Rendez-vous dans votre CFE une semaine avant la date voulue de début d’activité, ne vous déclarez pas ou mal, auprès de votre Centre de Gestion Agréé, snobez les impôts, envoyez bouler l’Urssaf… et bien sûr, en corollaire de tout cela, ne réclamez pas l’ACCRE quand vous pourriez y prétendre après trois ans de chômage (d’où la certaine aigreur de votre conjoint). Tout faire au dernier moment et par-dessus la jambe, c’est vous assurer de n’avoir droit à aucun avantage.
Vous démarrerez votre entreprise avec un seul client (votre soeur) et un prescripteur (votre mère), et ne chercherez pas à vouloir plus, déclarant à qui veut l’entendre que la qualité de vos produits « parlera d’elle-même ». Pas de site Internet, aucune campagne de pub, aucun réseau à activer, ni plaquettes ni cartes de visite, rien, zib. Délivrez un marketing incohérent, frappez systématiquement à côté de votre cible (en parlant à votre clientèle d’ados comme s’ils étaient des profs de fac sexagénaires, par exemple). Vous avez bien raison : laissez-vous doucement ensevelir dans les sables mouvants de la concurrence. Bientôt, seuls les impôts se souviendront de votre existence, pour vous donner le coup de grâce.

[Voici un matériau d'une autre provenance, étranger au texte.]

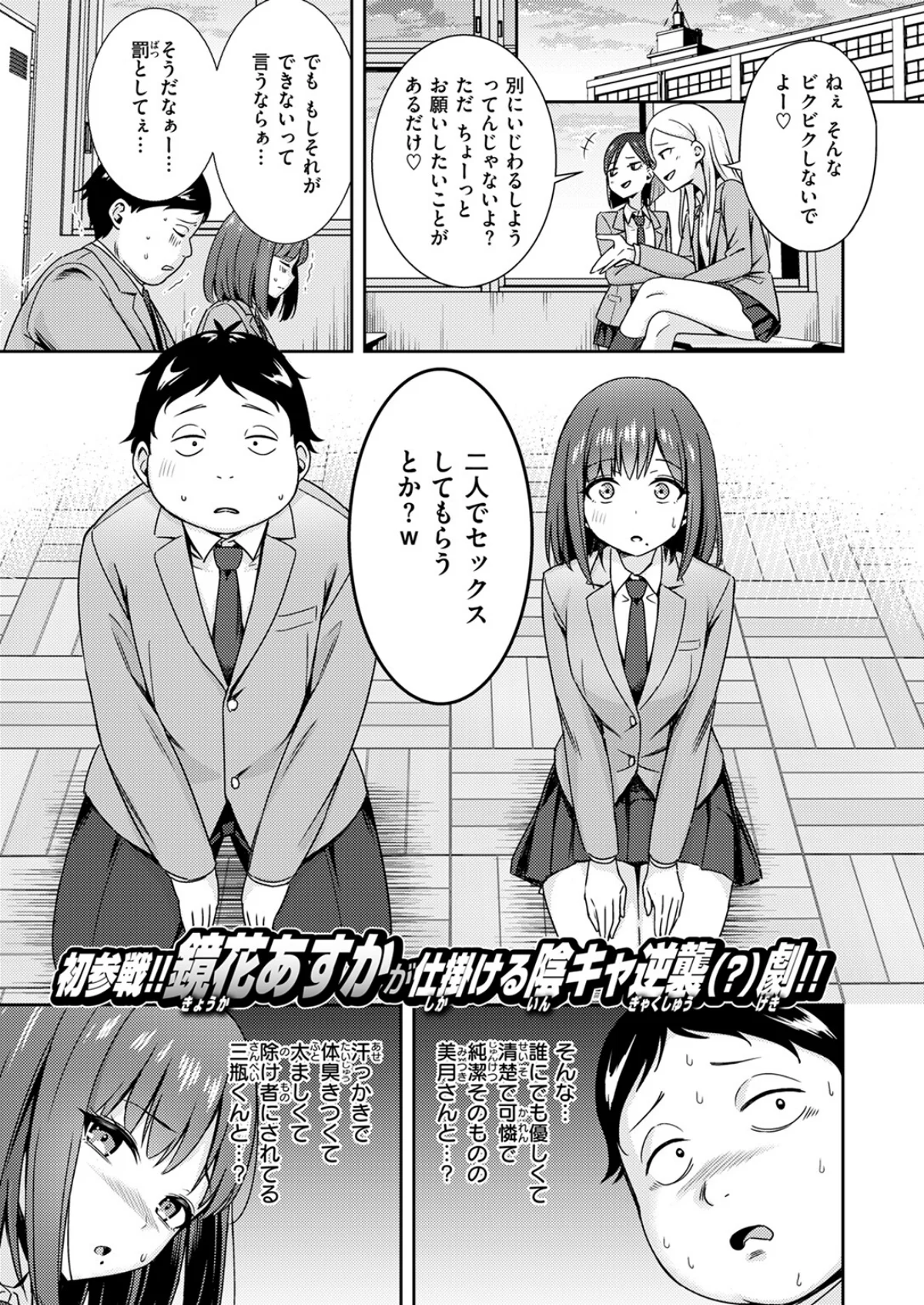 罰ゲームセックスとかいうご褒美（単話） 無料試し読み2ページ目（鏡花あすか）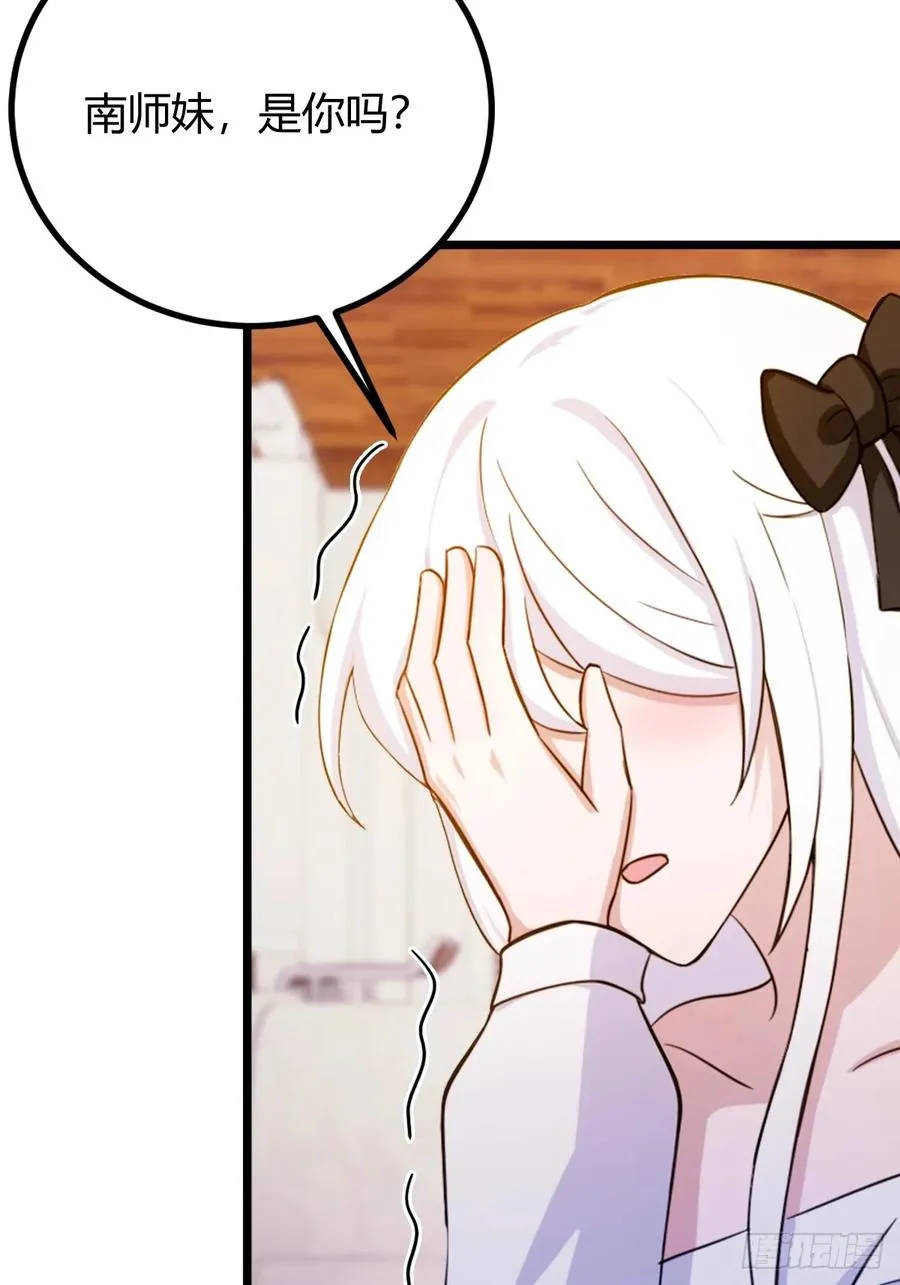 第144话 五师姐的毒咒17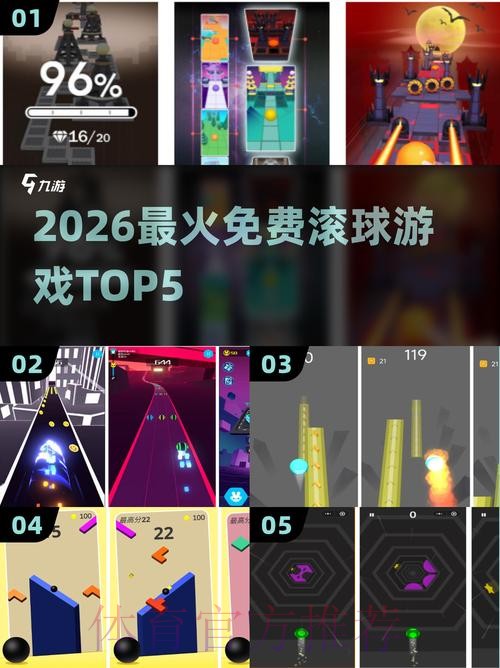 2026世界杯滚球免费入口地址 2026世界杯滚球免费入口地址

Construisez votre prévisionnel comme si vous étiez le directeur commercial de L’Oréal, en tablant sur un chiffre d’affaire délirant et un nombre de clients multiplié par 20 en… disons 3 mois. Ne laissez pas le temps au temps, exigez tout, tout de suite, avec un minimum d’efforts. Puis, démarrez une dépression face à vos chiffres catastrophiques.
A ce sujet, nous faisons confiance à votre imagination : un bureau en cristal, un stage de formation aux Maldives, des bureaux quatre fois trop grands, équipés comme dans une start-up informatique… Bref, ne mettez rien de côté pour les périodes de vaches maigres, la trésorerie de votre entreprise servira à payer vos prochaines vacances. L’autre solution, ultra-efficace, c’est évidemment d’embaucher plus de monde que vous n’en avez besoin, et tout de suite. Gouffre financier garanti, sans parler de vos frais de tribunaux aux Prud’hommes quand vous serez assigné par vos trois secrétaires personnelles non-rémunérées depuis… depuis toujours, en fait.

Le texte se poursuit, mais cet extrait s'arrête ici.